L’échenillage n’est pas la solution – même si les annonces que j’ai faites il y a quelques jours ont pu donner l’impression que nous nous engagions dans cette voie. Il y a eu un plan de l’armée de l’air, qui s’appliquera entièrement. Il y a eu un plan de la marine, qui s’applique. Le plan de l’armée de terre est en cours de mise en œuvre, mais il ne reposera pas sur l’échenillage : il tirera les leçons des opérations que nous avons menées depuis une dizaine d’années, ce qui aboutira sans doute à modifier certains dispositifs. J’essaierai à l’avenir, autant que faire se peut, d’annoncer les décisions plus en amont, en conservant les mêmes principes. Ceux-ci sont exigeants, puisqu’ils supposent une analyse fonctionnelle de l’ensemble de nos dispositifs, ce qui prend beaucoup plus de temps.

Monsieur Pueyo, je suis très vigilant sur la question de la réinsertion. L’action de Défense Mobilité donne des résultats très significatifs. Vous m’interpellez sur le rôle du service militaire adapté. J’ai moi-même visité deux centres du SMA et j’ai été comme vous frappé des compétences réunies et de la qualité de la réinsertion. Ce dispositif relève du ministère des outre-mer. Vous souhaitez l’élargir : l’idée me paraît bonne.

S’agissant enfin du récent jugement de la Cour européenne des droits de l’homme, madame la présidente Adam, l’interdiction générale et absolue en droit français des associations de militaires à but de défense des intérêts professionnels a été jugée contraire à l’article 11 de la Convention européenne des droits de l’homme de 1950. Ce même article dispose toutefois explicitement que des « restrictions légitimes » de leurs droits syndicaux notamment peuvent être imposées aux membres des forces armées… À la demande du Président de la République, nous avons demandé un rapport sur ce sujet à un conseiller d’État, M. Pêcheur. Ce rapport devrait nous être rendu avant la fin de l’année.

Sans anticiper sur ses conclusions, je peux dire que nous serons certainement amenés à infléchir notre dispositif de concertation. En tout cas, la syndicalisation des armées n’est pas à l’ordre du jour.

M. Guy Teissier, rapporteur pour avis pour la commission des affaires étrangères. Ouf !

M. Jacques Myard. Très bien !

M. Christophe Guilloteau. On revient de loin !

M. Jean-Yves Le Drian, ministre de la défense. J’espère avoir répondu à toutes les questions posées.

M. le président Gilles Carrez. Avant que nous n’entendions les porte-parole des groupes, je me permets une première question.

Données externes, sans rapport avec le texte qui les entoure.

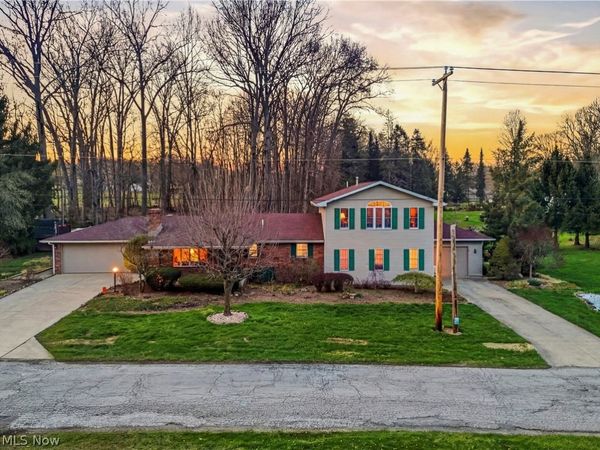 2943 Forest Avenue , Niles, OH 44446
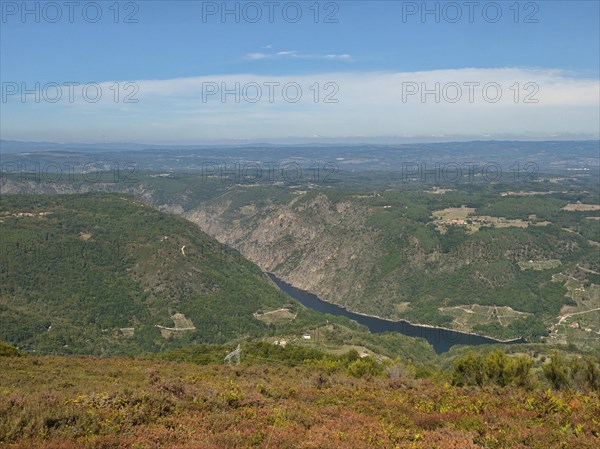 Die Schlucht des Sil und der Sil Stausee in der spanischen Provinz Ourense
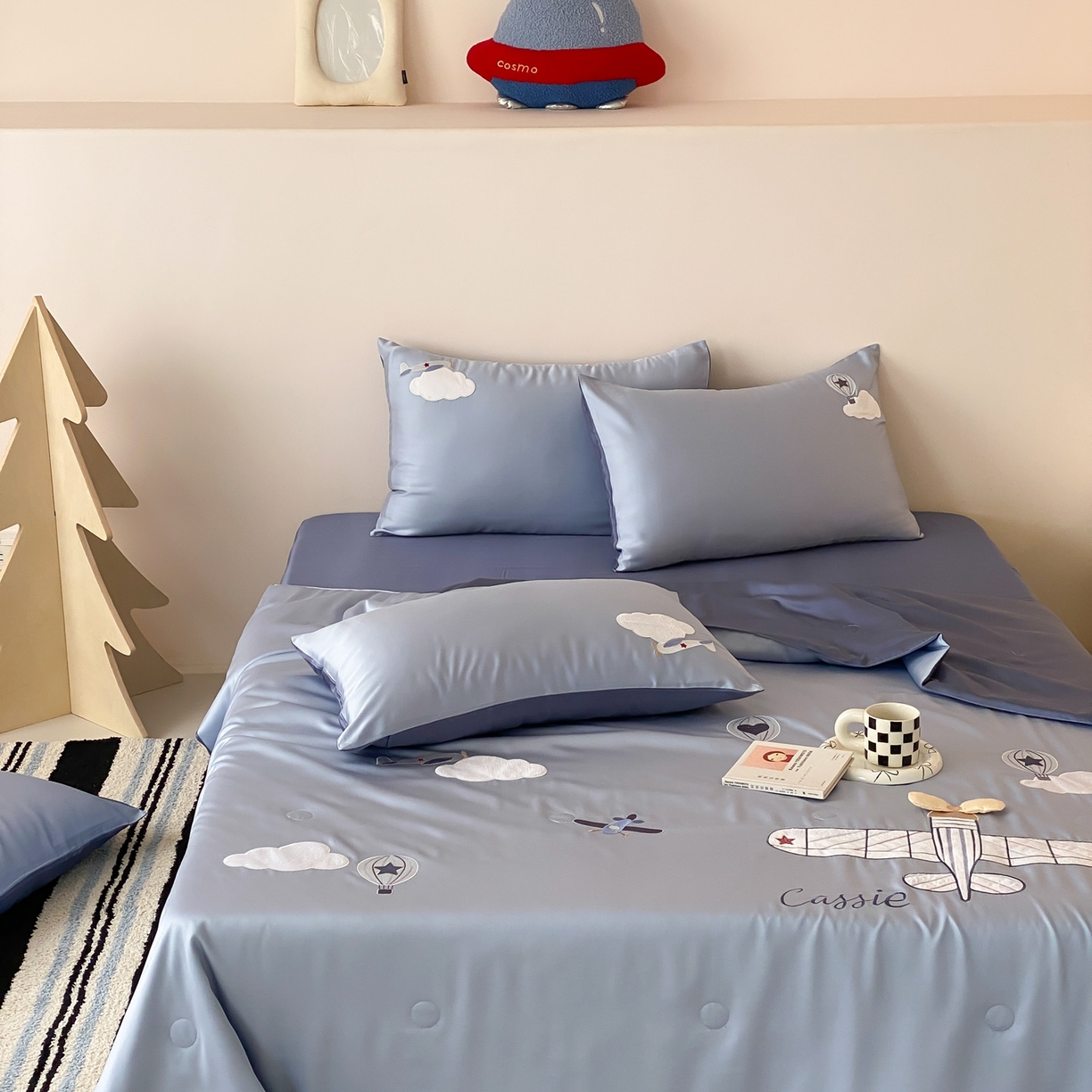 91家纺网 家纺一手货源 找家纺 （总）曼布缇 2026春夏新款60S兰精天丝绣花款夏被四件套-翱翔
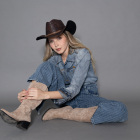 El estilo vaquero es perfecto para estilos casuales y semiformales.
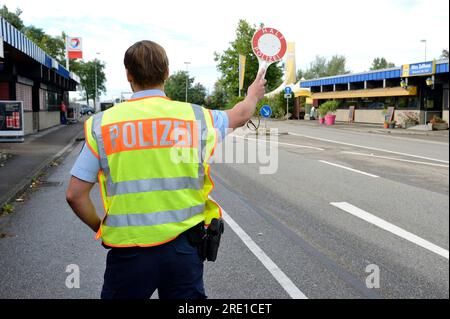 Contrôle de police par des policiers allemands (Polizei) à la frontière franco-allemande, à Rheinau, pour les véhicules entrant en Allemagne. Officier de police vu FRO beh Banque D'Images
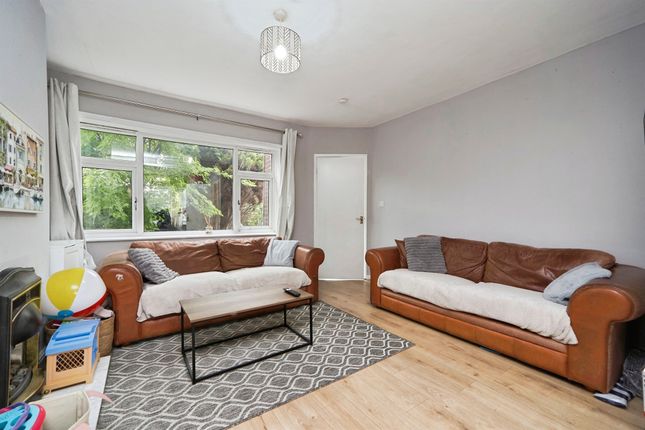 26, Raynville Avenue, Leeds photo 2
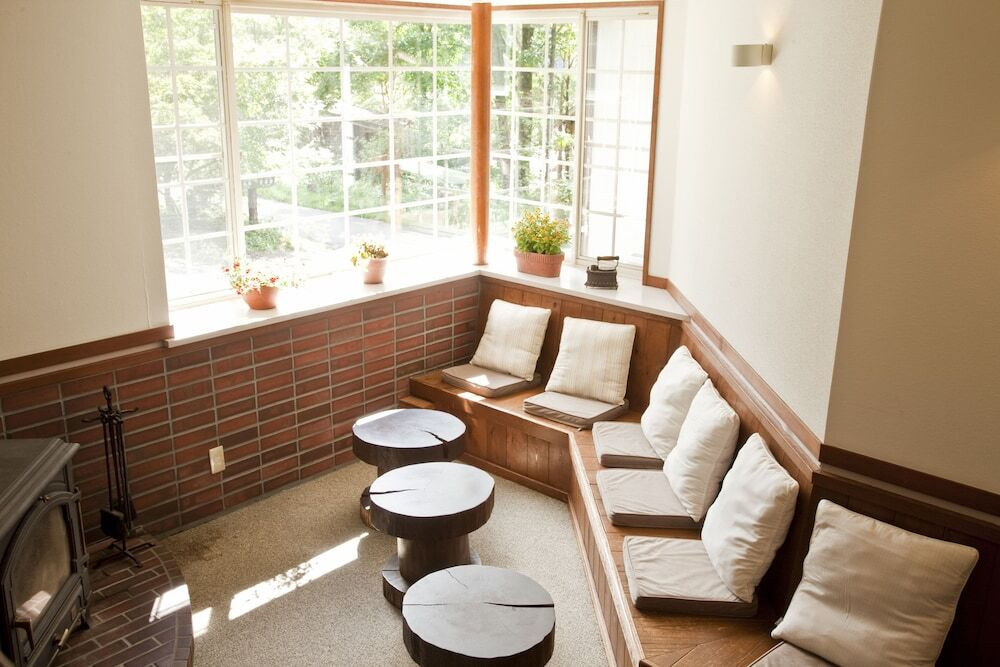 ロビー応接スペース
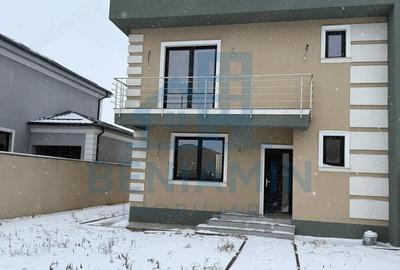 Casă cu Teren 300 Mp în Central - 1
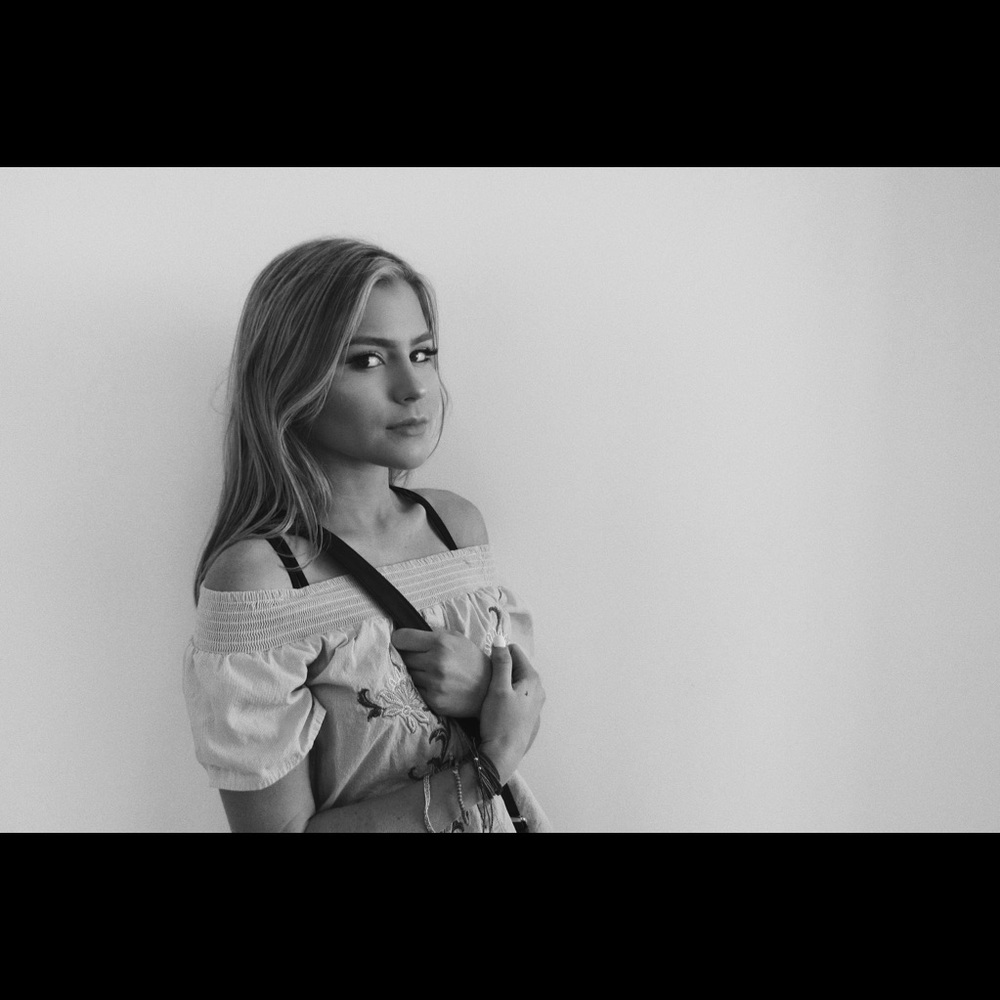 Meet your Posher, Erin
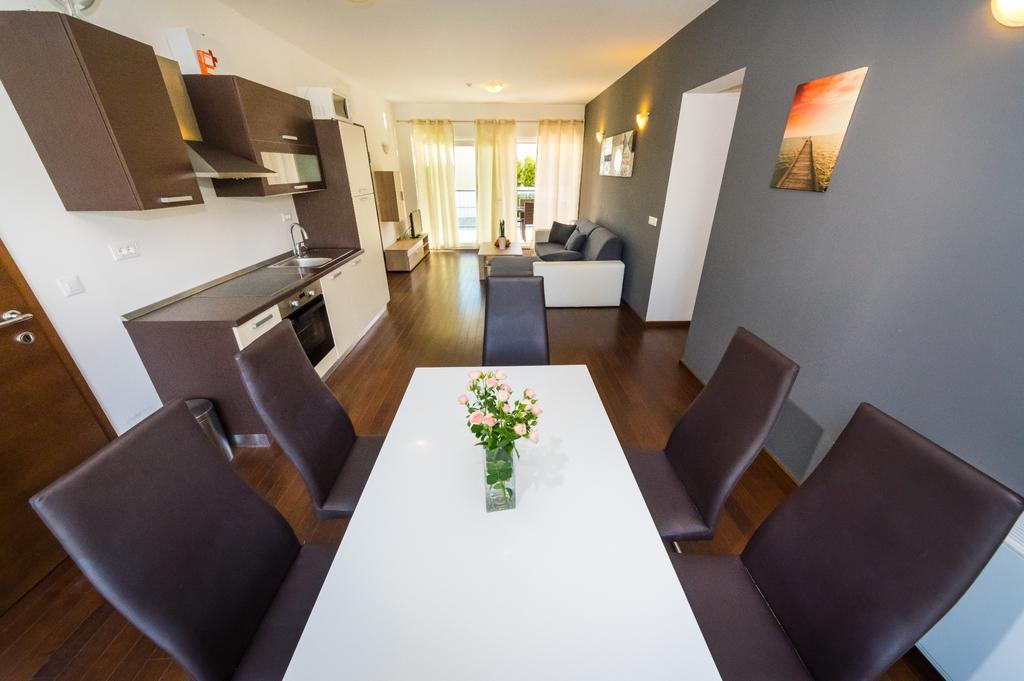 Queen Beach Apartments Нин Экстерьер фото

Pour les ressources exceptionnelles, le plus simple n’est-il pas de passer par le Programme d’investissements d’avenir (PIA) ? Celui-ci pourrait devenir un compte d’affectation spéciale, ce qui lui permettrait de recevoir des recettes issues par exemple de cessions de participations ou de fréquences. Le PIA intervient notamment par le biais de dotations non consomptibles, c’est-à-dire de dotations dont le bénéficiaire ne peut utiliser que le produit financier. La technique budgétaire du PIA semble donc être une solution aux problèmes que vous exposez. Le plan B ne serait-il pas là ?

M. Jean-Yves Le Drian, ministre de la défense. Nous avons, en 2014, mobilisé le PIA à une hauteur très significative. On peut donc tout à fait réfléchir à la proposition que vous formulez.

Si j’ai souhaité obtenir le mandat du Président de la République pour tenter la société de projet, c’est parce que celle-ci me permet de mobiliser les cessions d’actifs. Je ne veux donc pas écarter cette hypothèse, qui présente d’autres avantages encore, notamment pour l’exportation. Le rapport Charpin penchait, lui, pour un PIA bis. Se poseraient toutefois deux problèmes qui ne sont pas simples : la nature des dépenses éligibles au PIA – on ne pourrait pas financer de frégates, par exemple – et celle des opérateurs.

L’essentiel, c’est d’arriver aux 31,4 milliards, dans des délais qui permettent de passer les commandes en temps utile – c’est ce que nous avons fait avec le PIA en 2014. Mais je veux tenter la société de projet : il n’y a pas de raison que cela n’aboutisse pas. Cela n’empêche nullement de disposer de plusieurs outils.

Mme Geneviève Gosselin-Fleury. Le budget de la mission « Défense » pour 2015 est conforme à la trajectoire prévue par la loi de programmation militaire : les ressources s’élèveront à 31,4 milliards d’euros, ce qui concrétise l’engagement du Gouvernement de maintien d’un effort militaire significatif dans un moment économique difficile.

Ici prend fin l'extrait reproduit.